Captioned web images
*** Block opens ***
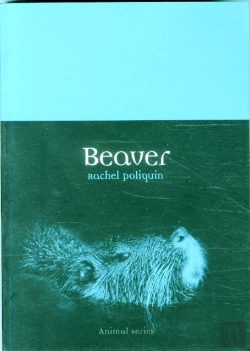Bertrand.pt - Beaver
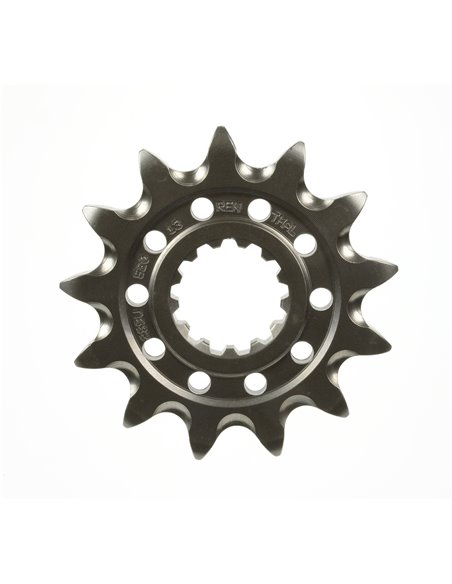 Pinyó Renthal F 520 13 dents Ul 254U-520-13GP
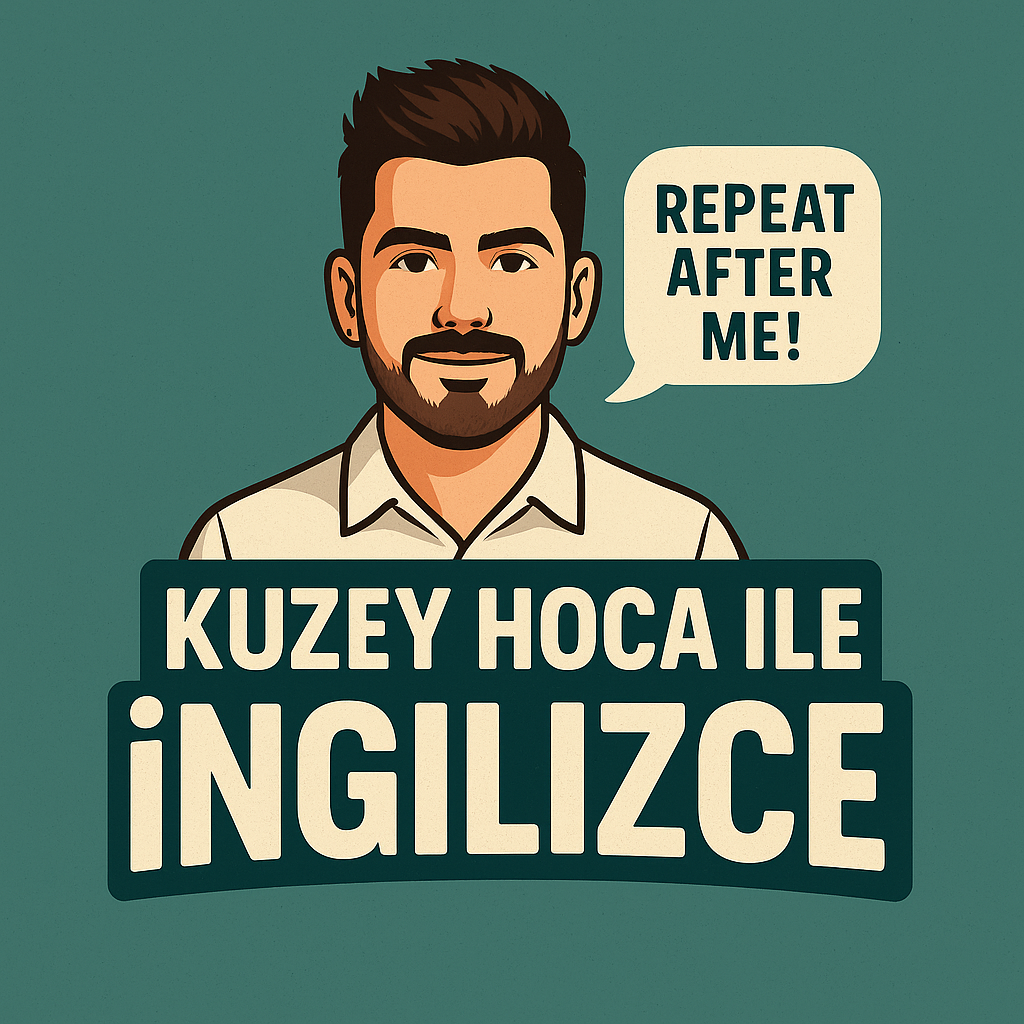 Sence hangisi daha iyi duruyor?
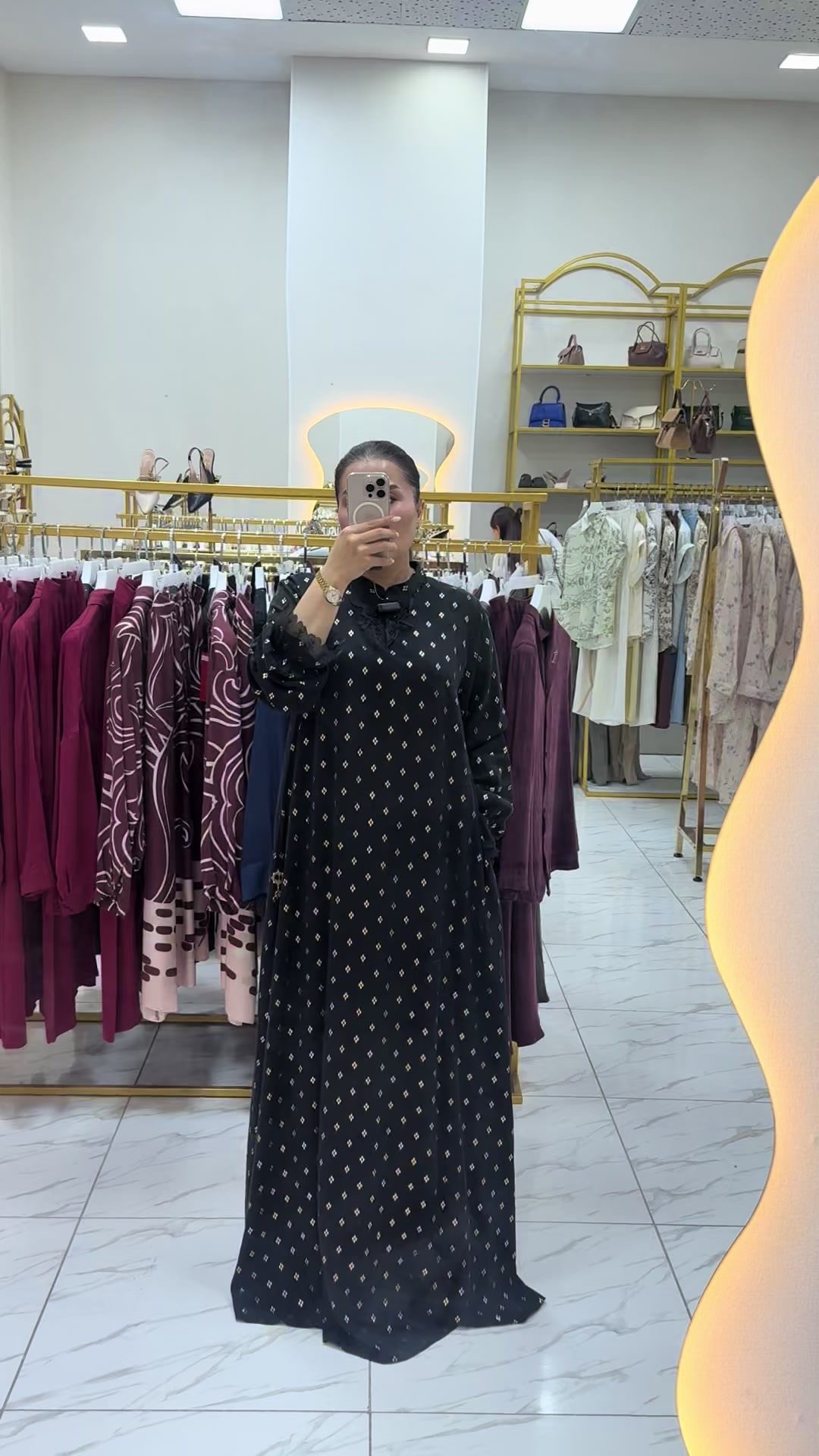 @gulsat_boutique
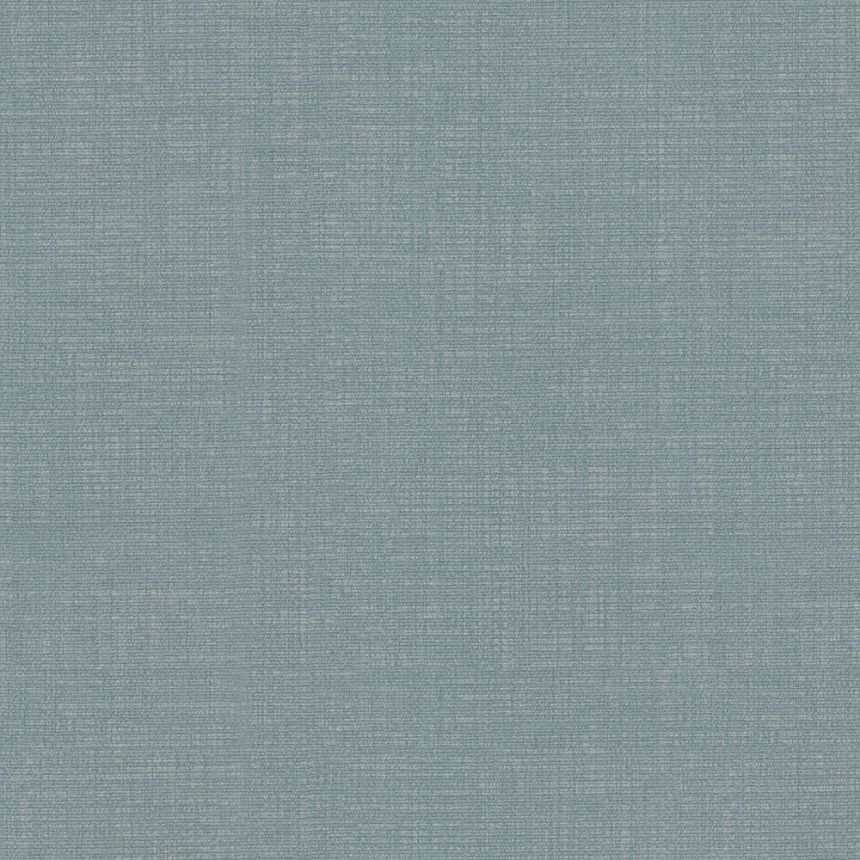 Luxustapete, blau, Stoffoptik, 73856, Tendenze, Emiliana Parati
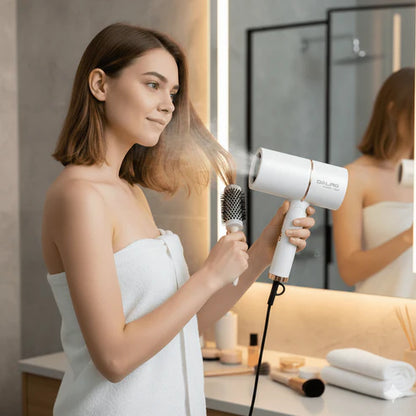 Daling - Hair Dryer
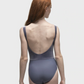 Allison Leotard - Multiple Colorways
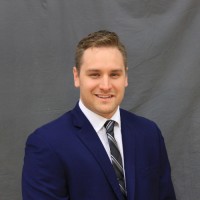 Matt Berger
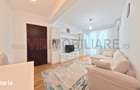 Mihai Bravu/Metrou/2camere decom/mobilat/utilat - 4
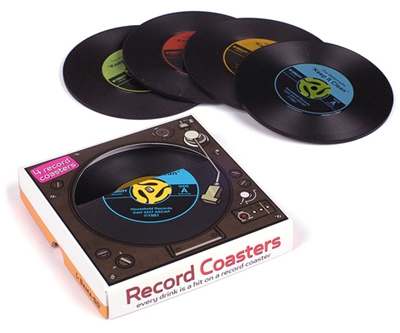 Record-Coasters_1233-l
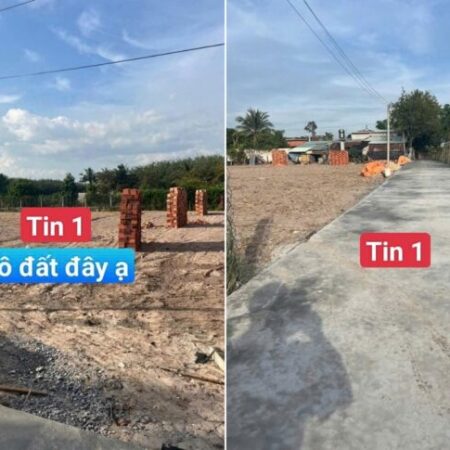 CẦN BÁN ĐẤT ĐẸP TẠI TÂY NINH CẦN BÁN ĐẤT ĐẸP TẠI TÂY NINH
*** Block closes ***
An exact, word-for-word copy of the records is expected, with no pictures in it.

## SOLUTION
Bertrand.pt - Beaver
 Pinyó Renthal F 520 13 dents Ul 254U-520-13GP
 Sence hangisi daha iyi duruyor?
 @gulsat_boutique
 Luxustapete, blau, Stoffoptik, 73856, Tendenze, Emiliana Parati
 Daling - Hair Dryer
 Allison Leotard - Multiple Colorways
 Matt Berger
 Mihai Bravu/Metrou/2camere decom/mobilat/utilat - 4
 Record-Coasters_1233-l
 CẦN BÁN ĐẤT ĐẸP TẠI TÂY NINH CẦN BÁN ĐẤT ĐẸP TẠI TÂY NINH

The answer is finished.